Look at how Micah reminds us of this today in chapter five. “Bethlehem, though you are small…” Bethlehem, the normal town with normal people doing normal things. Coming out from the ordinary, there is something greater. From the places where we would least expect to find it, comes exactly what we all need. Micah says, “He will be their peace.” Micah’s world needed a heavy dose of peace. The northern kingdom of Israel has already fallen to the Assyrians and things were not looking too good for the remnant of Judah that was left in the land. So where is the answer going to come from? Everybody is looking to the capital city—they are looking to Jerusalem. They are leaning all their hopes on their “Washington DC.” But the answer does not come from the capitol. It does not come from headquarters. It does not come from Jerusalem. It does not come from Washington. The answer comes from Pella Iowa; Ogalalla Nebraska. It comes from normal-town USA. It comes from Bethlehem. God comes where we least expect to see him. He comes to our world. He comes to you and to me.

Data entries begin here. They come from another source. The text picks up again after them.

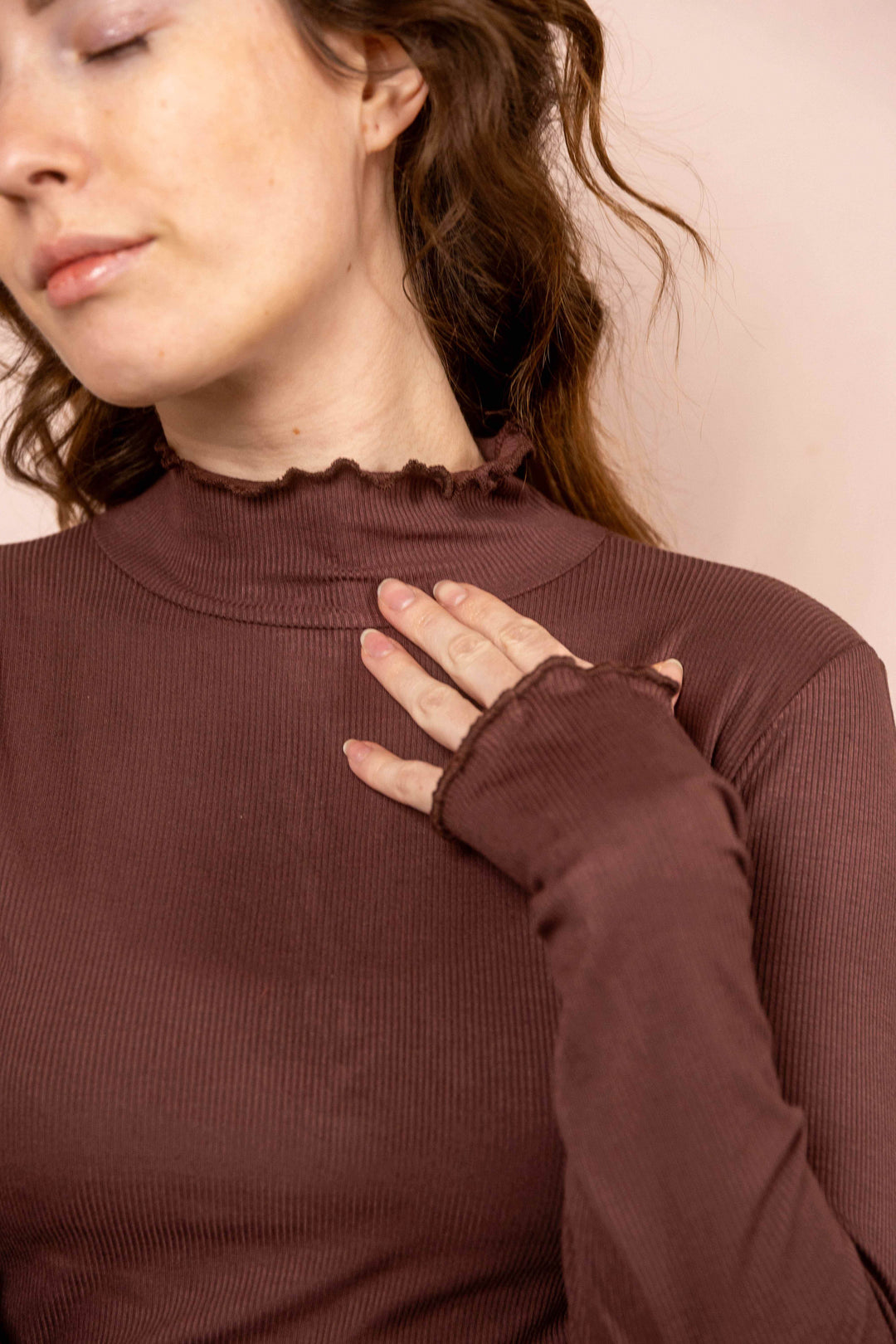 Wintertop, Braun, Stehkragen, Rollkragen, Wintersport, Feinrip Langsleeve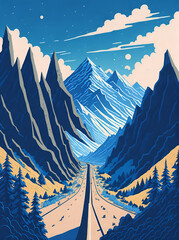 Road in mountains landscape. AI generated illustration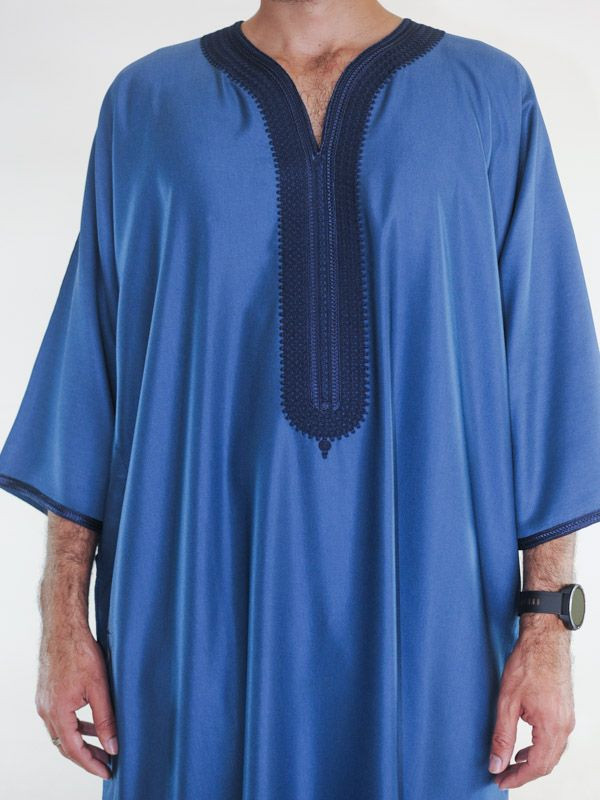 Gandoura marocaine Amir - bleu marine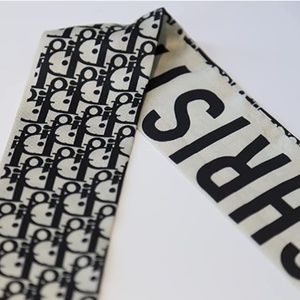 Christian Dior headband hair tie twill ribbon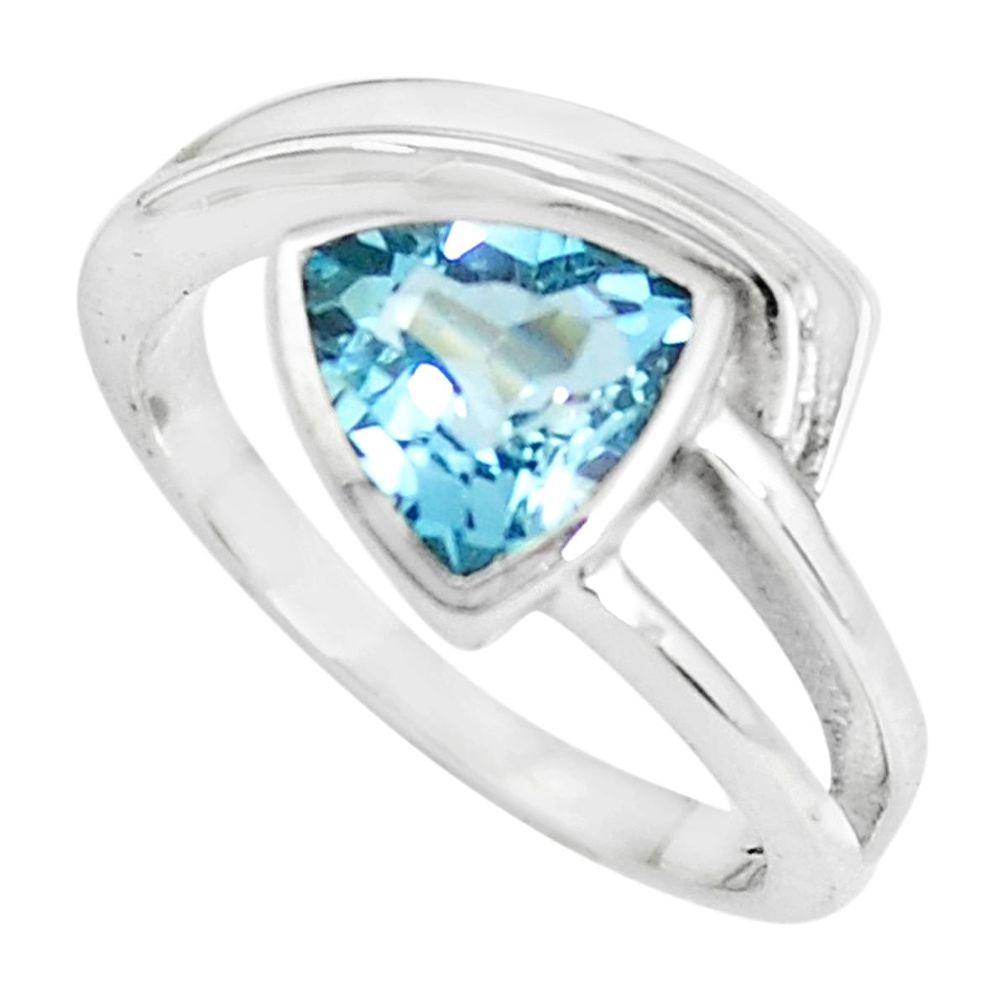 3.42cts natural blue topaz 925 sterling silver solitaire ring size 7.5 p62261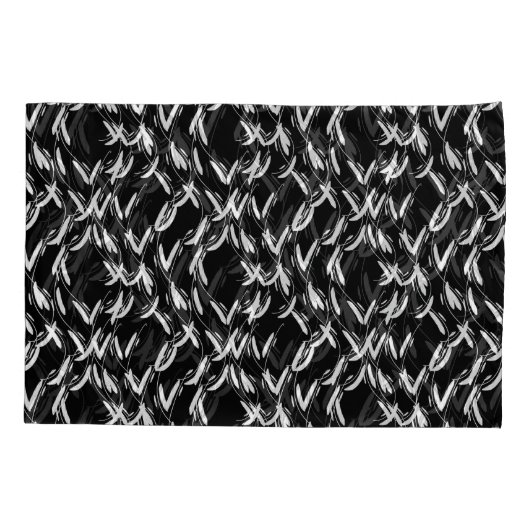 黒エレガント抽象芸術フローラ金ゴールド モノグラムの 枕カバー (裏面)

This has always been the pattern. This has always been God’s plan. On the outline you have, you see the rows of little people…they kind of look like Fischer Price Little People. The copy is kind of small and the names are hard to read, so let me help fill in the details. The first name on the top-left is Abraham. This is where God began his promise to the people of Israel. The last name on the lower-right is Jesus. This is the ultimate fulfillment of that promise made to Abraham. And in the middle you see that section on your outline where three people have a box around them. Those are Jotham, Ahaz, and Hezekiah—the three kings of Judah that lived during the time of Micah.
God began with Abraham, an ordinary man from an ordinary town. Down the line we see God used ordinary people. In that second row you have people like Ruth, and the small shepherd boy—David—who would grow to become a great king. And in that third row where the box is located we have the time of Micah where the words we read today come from—words declaring an ordinary town would again come into the spotlight. And on down the line we go till we get to Jesus.
And in the story of Jesus we saw today from Matthew we see Jesus insisting that he be baptized. John refuses because he thinks Jesus is too great for him to baptize. But Jesus maintains at that moment, he must enter into the ordinary everyday existence that we all experience. It’s earthy, it’s human, it’s real. But at the same time, there’s a glimpse of something much greater going on, isn’t there? Because we also see that moment when God is revealed. Father, Son, and Holy Spirit come together in a perfect moment reminding us that in the plain everyday ordinary rhythms of life, God comes and does extraordinary things. And he is our peace.